Morning Report: Stetson Allie Offers a Rare Combo of Power and Plate Patience

It’s always fun to look back on historic stats to find comparisons for current players in the minor league system. We did it last week with Willy Garcia to show how rare it is for a batter with a low walk rate and high strikeout rate to make an impact in the majors. We also did it for Alen Hanson, to show how rare it is for someone to have his combination of power and speed. Today we take a look at the last two seasons from Stetson Allie. He offers a special combination of plate patience and power, hitting 21 homers in each of the last two seasons while also leading all Pirates minor league players in walks both years. Just how rare is that though?

We will use 20 homers as a cutoff for this research and 70 walks, since he walked 71 times this year and 77 times last year. How often does a minor league player actually hit 20 homers while walking 70 times? And how hard is it to accomplish twice?

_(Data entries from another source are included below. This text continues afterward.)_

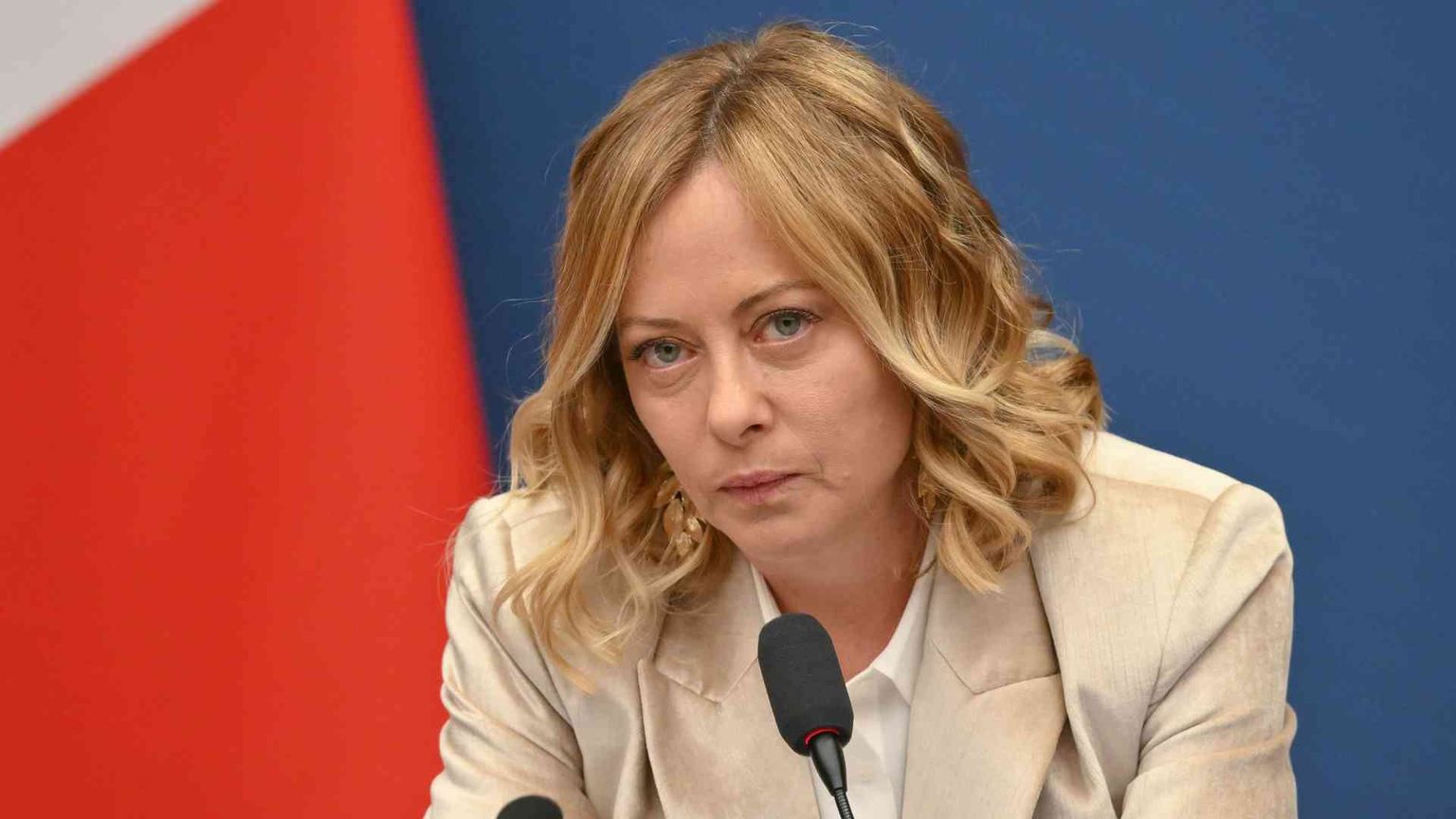 Meloni: «No a lettera scarlatta su Musk». Rizzi a capo del Dis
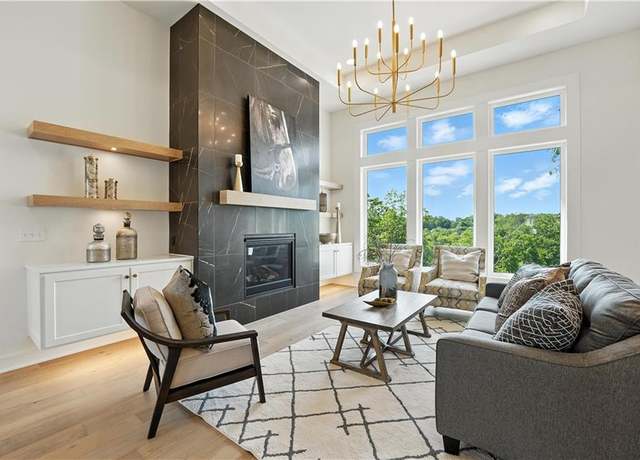 Property at 2218 NW Killarney Ln, Lee's Summit, MO 64081, 4 beds, 3.5 baths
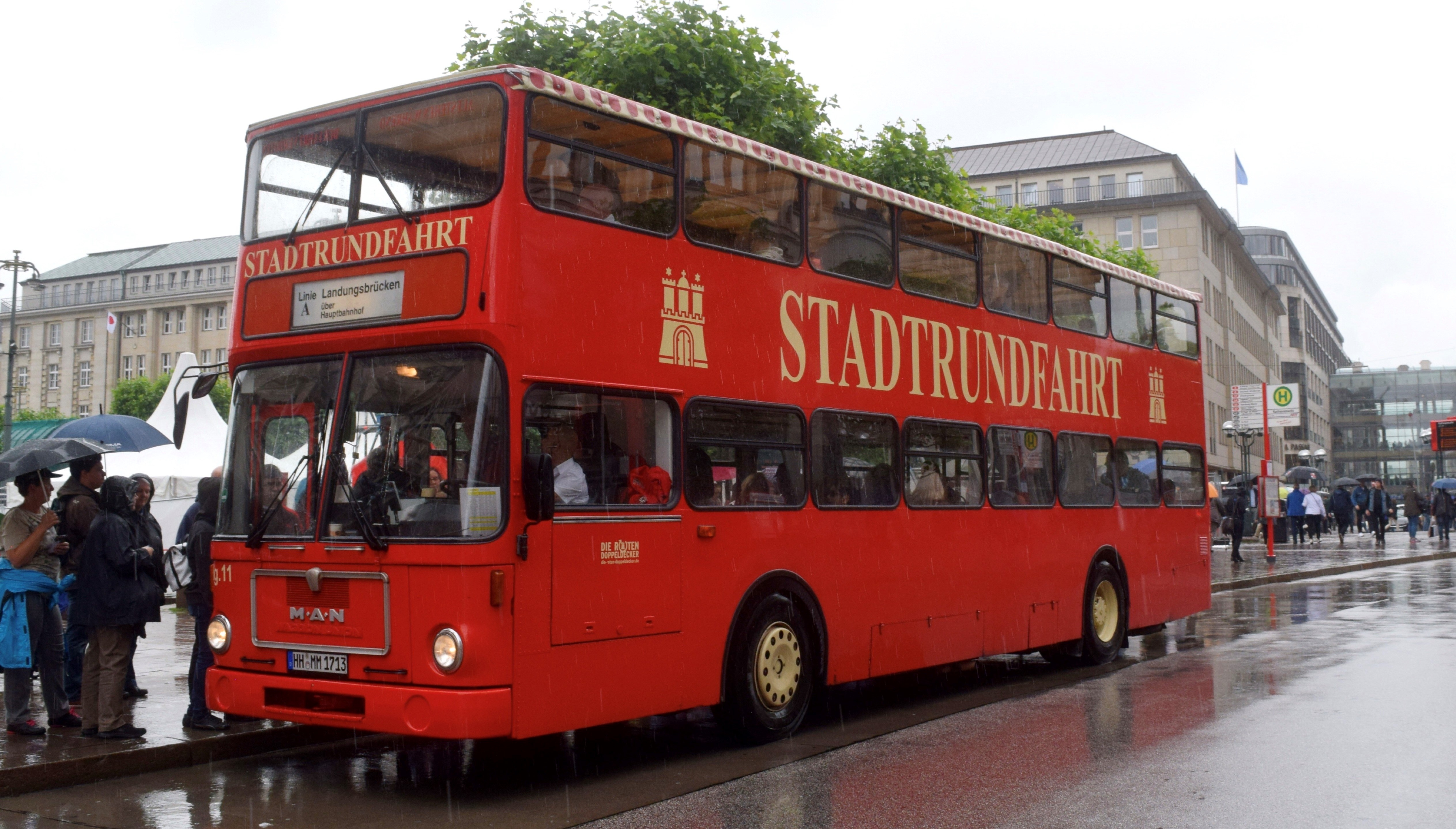 Hamburg Stadtrundfahrt, Die Roten Doppeldecker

The last player to reach 20/70 for the Pirates was Pedro Alvarez in 2009 with 27 homers and 71 walks. That’s a pretty good comp for Allie, featuring a Major Leaguer with success and also five seasons without anyone else accomplishing the feat. Alvarez didn’t put back-to-back 20/70 seasons together though.

Allie led the Pirates system in walks the last two seasons (Photo credit: David Hague)
Allie led the Pirates system in walks the last two seasons (Photo credit: David Hague)

The next example is an extreme one and one that isn’t comparable to anything you see now with the Pirates. Back when Dave Littlefield was in charge, it was important for minor league teams to have winning seasons. That’s great for the actual affiliate, but when a 27-year-old Pat Magness hits 24 homers and draws 114 walks in A-Ball during the 2005 season, it doesn’t help this discussion. Magness was in his sixth season of pro ball after attending Wichita State for four years, so that tells you all you need to know.

Going back to 2003, we have a good comp for Allie, Chris Shelton. He had 21 homers and 76 walks, splitting the season between High-A and AA. Just like Allie, Shelton was 23 years old that season and he also spent most of his time at first base. He was a Rule V draft pick the next year and spent parts of five seasons in the Majors, putting up an .870 OPS in 2005.

The 2000 season provides another horrible comparison and a player most fans will remember. Then 28-year-old Adam Hyzdu had 31 homers and 94 walks for Altoona. With ten years of pro experience and four years of AAA prior to the 2000 season, he had no business being with Altoona, but the fans seemed to like him.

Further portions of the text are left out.